From the acclaimed New York Times bestselling author of Chesapeake Requiem comes a gripping new work of narrative nonfiction telling the forgotten story of the mass killing of eleven Black farmhands on a Georgia plantation in the spring of 1921—a crime which exposed for the nation the existence of “peonage,” a form of slavery that gained prominence across the American South after the Civil War.
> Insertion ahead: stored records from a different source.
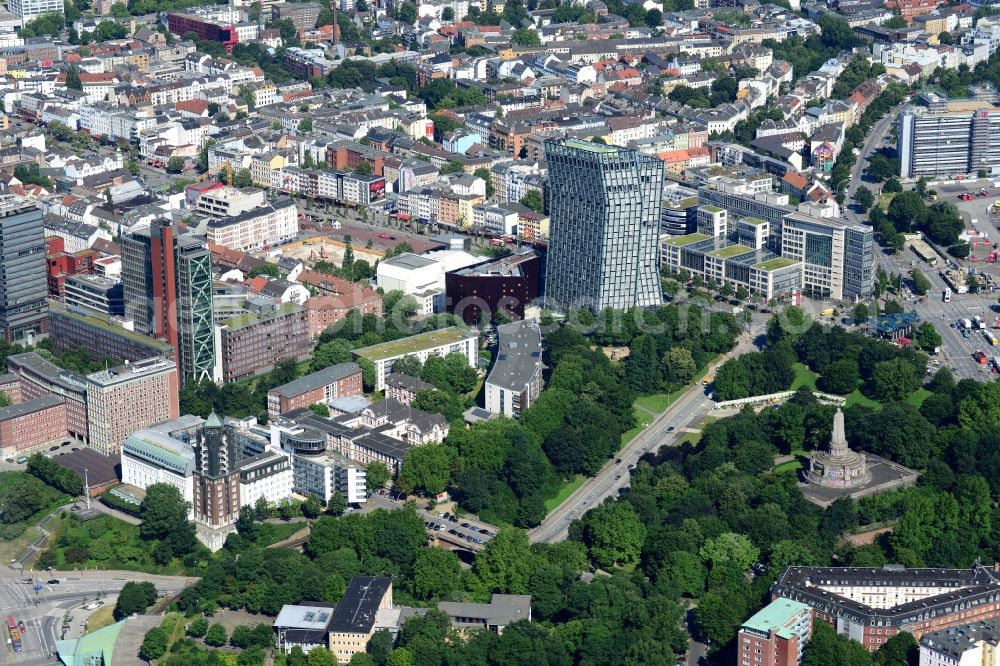 Aerial photograph Hamburg - High-rise building Tango towers in Hamburg. The Dancing Towers are in Hamburg on the Reeperbahn no. 1 on a triangle between the streets Reeperbahn, and Zirkusweg and Beim Trichter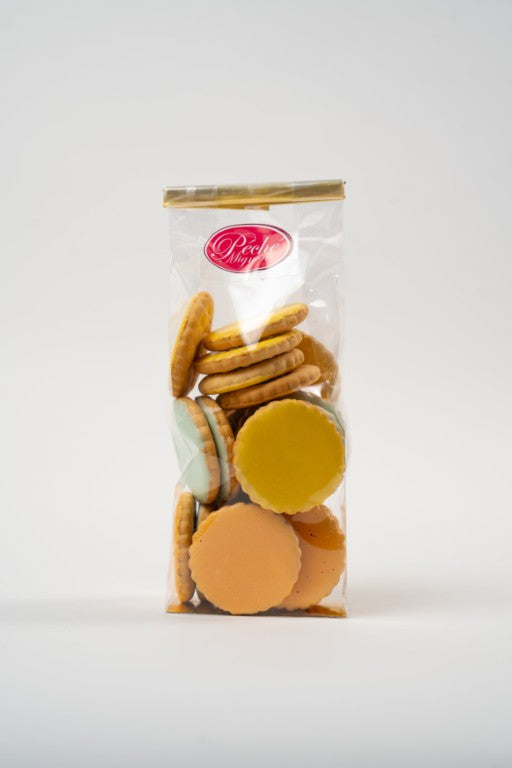 Sachet rempli de biscuits glacés artisanaux colorés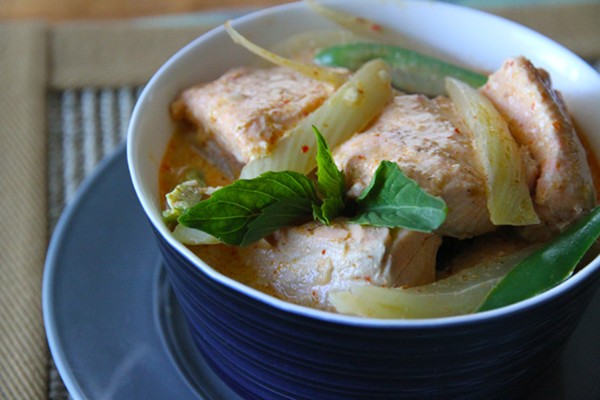 Salmon-fennel red curry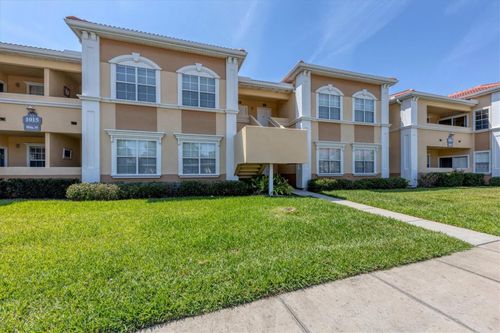 unit-202-1015 Villagio Cir, SARASOTA, FL, 34237-2601 | Card Image
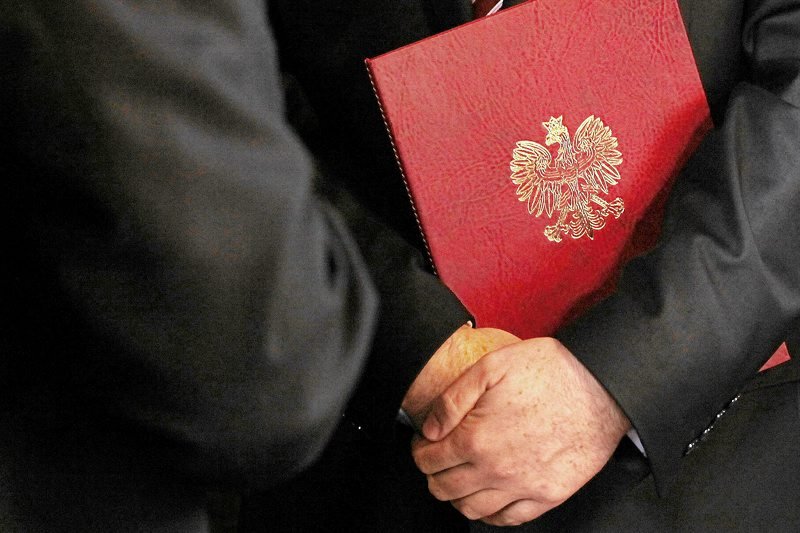 Pensje urzędników oparły się inflacji.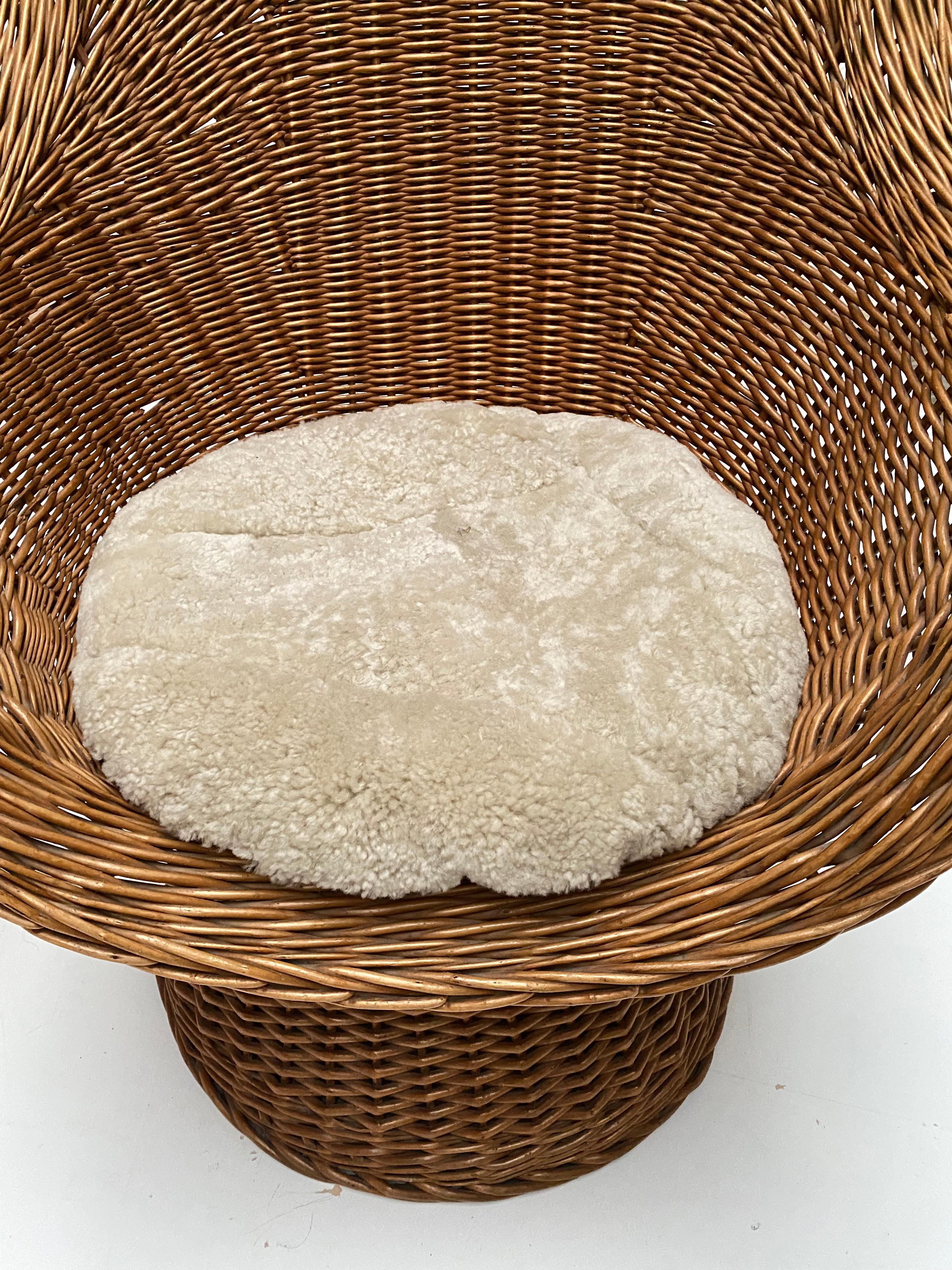 1970's Woven Wicker & Sheepskin Cushion Papa, Mama, Child Lounge Chairs + Table In Good Condition In Bergen op Zoom, NL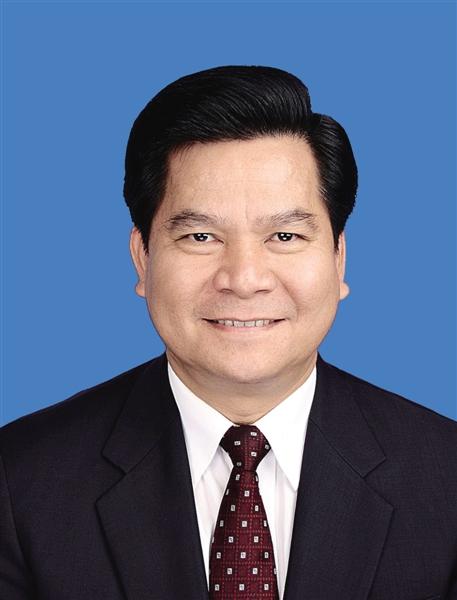 解放后历任内蒙古党委书记都有谁 内蒙古自治区现任党委书记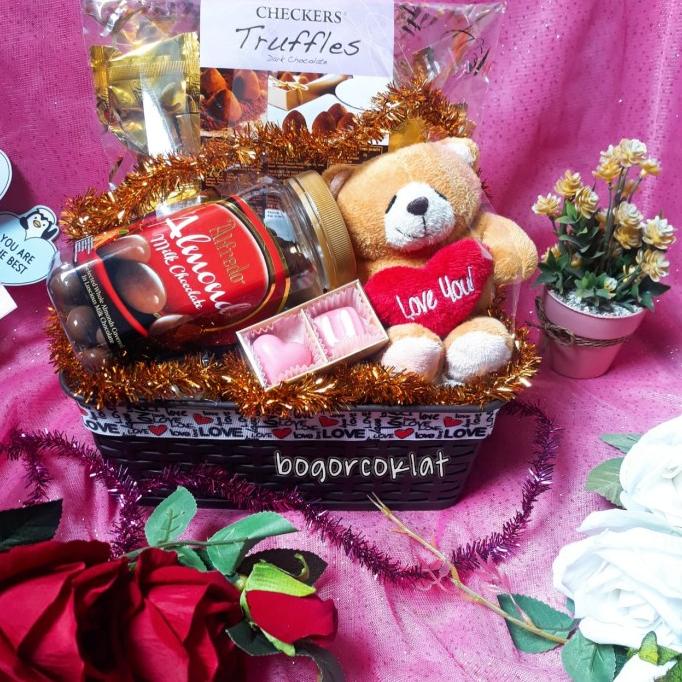 

Spesial Valentine Day Parsel Valentine Teddy Gold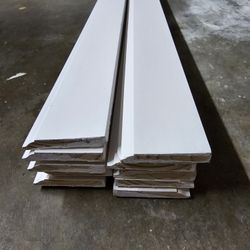 Royal Colonial Baseboard Moulding 12' 10 Count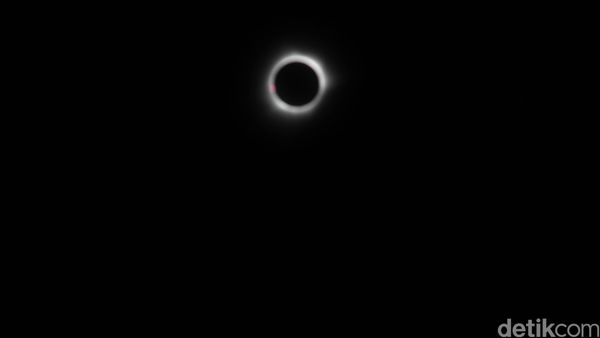 Gerhana Matahari Total di Langit Belitung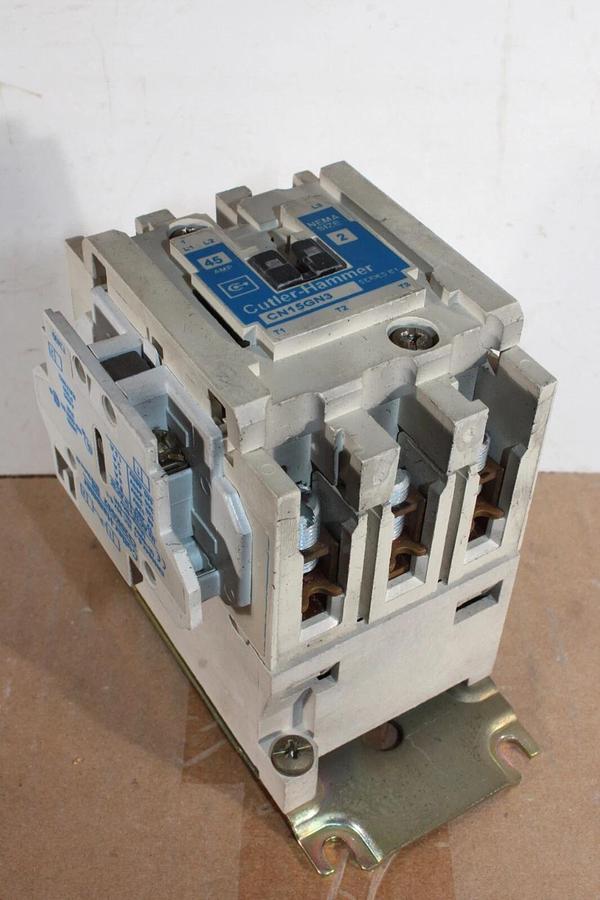 Used CUTLER HAMMER CONTACTOR CN15GN3 NEMA 2 45 AMP 600 VAC 3-POLE 3-PHASE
On a Sunday morning in the spring of 1921, a small boy made a grim discovery as he played on a riverbank in the cotton country of rural Georgia: the bodies of two drowned men, bound together with wire and chain and weighted with a hundred-pound sack of rocks. Within days a third body turned up in another, nearby river, and in the weeks that followed, eight others. And with them, a deeper horror: all eleven had been kept in virtual slavery before their deaths. In fact, as America was shocked to learn, the dead were among thousands of Black men enslaved throughout the South, in conditions nearly as dire as those before the Civil War.

Hell Put to Shame tells the forgotten story of that mass killing, and of the revelations about peonage, or debt slavery, that it placed before a public self-satisfied that involuntary servitude had ended at Appomattox more than fifty years before.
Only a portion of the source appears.